▶ [GIVEN DATA]:
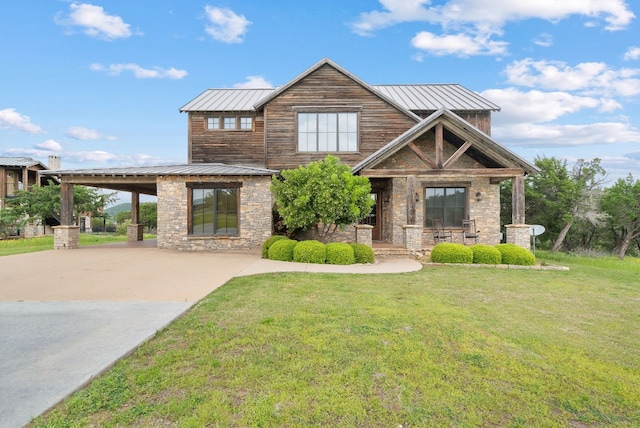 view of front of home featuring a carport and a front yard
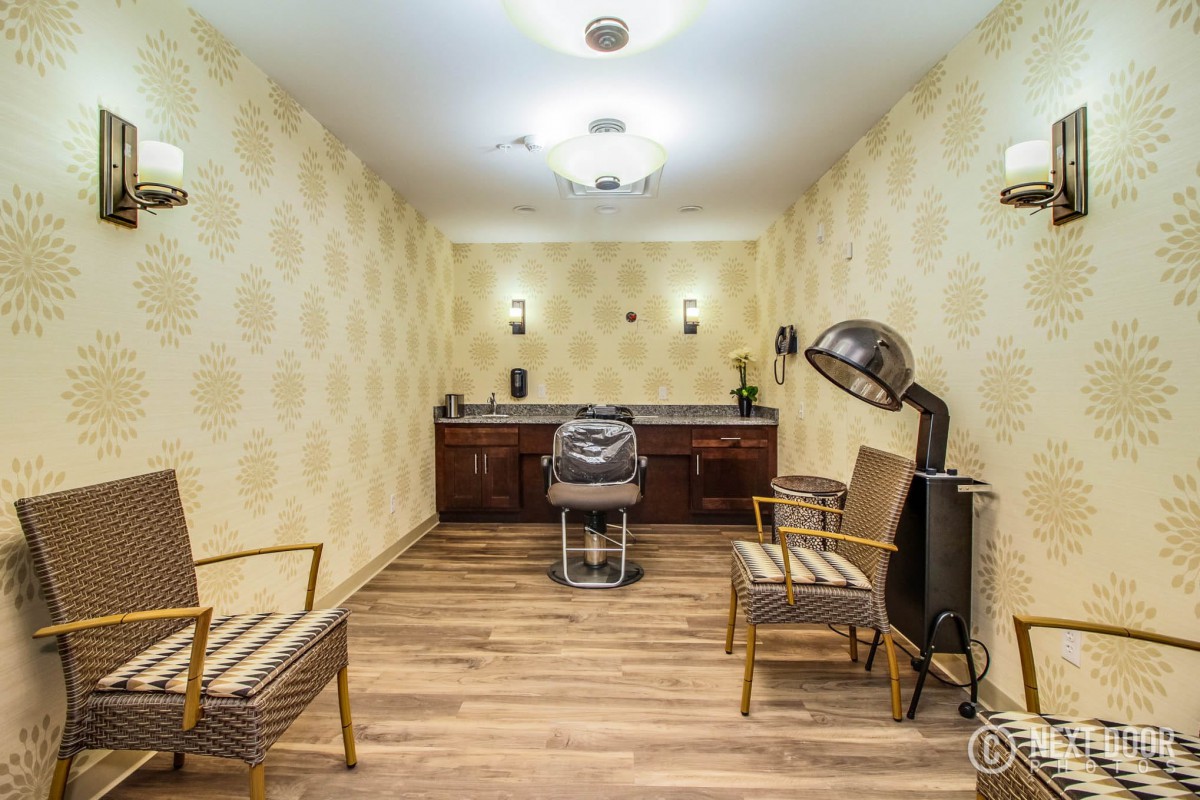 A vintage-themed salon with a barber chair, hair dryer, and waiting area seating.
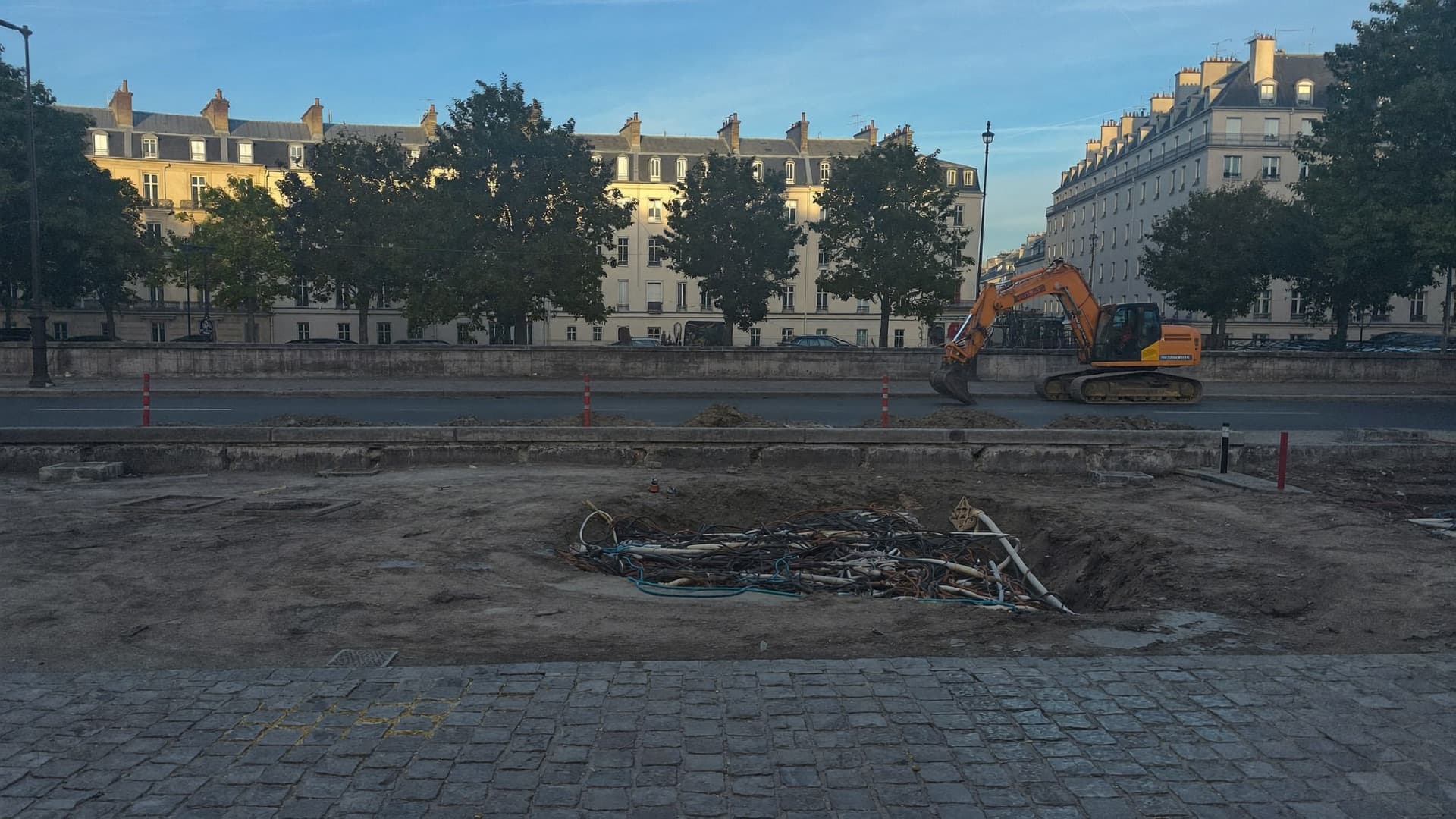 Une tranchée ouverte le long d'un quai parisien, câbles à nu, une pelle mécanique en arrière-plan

▶ [WORK INSTRUCTION]: Where a picture appears in the material above, skip it, and print the rest exactly.

▶ [RESPONSE AREA]:
 view of front of home featuring a carport and a front yard
 A vintage-themed salon with a barber chair, hair dryer, and waiting area seating.
 Une tranchée ouverte le long d'un quai parisien, câbles à nu, une pelle mécanique en arrière-plan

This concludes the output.